● Instructions to follow
The data below is to be repeated in full, exactly as given.

Recorded data:
· · · · ·

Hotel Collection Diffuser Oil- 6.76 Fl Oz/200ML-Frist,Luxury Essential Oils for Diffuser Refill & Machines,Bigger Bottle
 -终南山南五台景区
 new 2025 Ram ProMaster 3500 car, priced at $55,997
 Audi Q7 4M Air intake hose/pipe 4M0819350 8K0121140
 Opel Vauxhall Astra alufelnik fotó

· · · · ·

● Output of the task
Hotel Collection Diffuser Oil- 6.76 Fl Oz/200ML-Frist,Luxury Essential Oils for Diffuser Refill & Machines,Bigger Bottle
 -终南山南五台景区
 new 2025 Ram ProMaster 3500 car, priced at $55,997
 Audi Q7 4M Air intake hose/pipe 4M0819350 8K0121140
 Opel Vauxhall Astra alufelnik fotó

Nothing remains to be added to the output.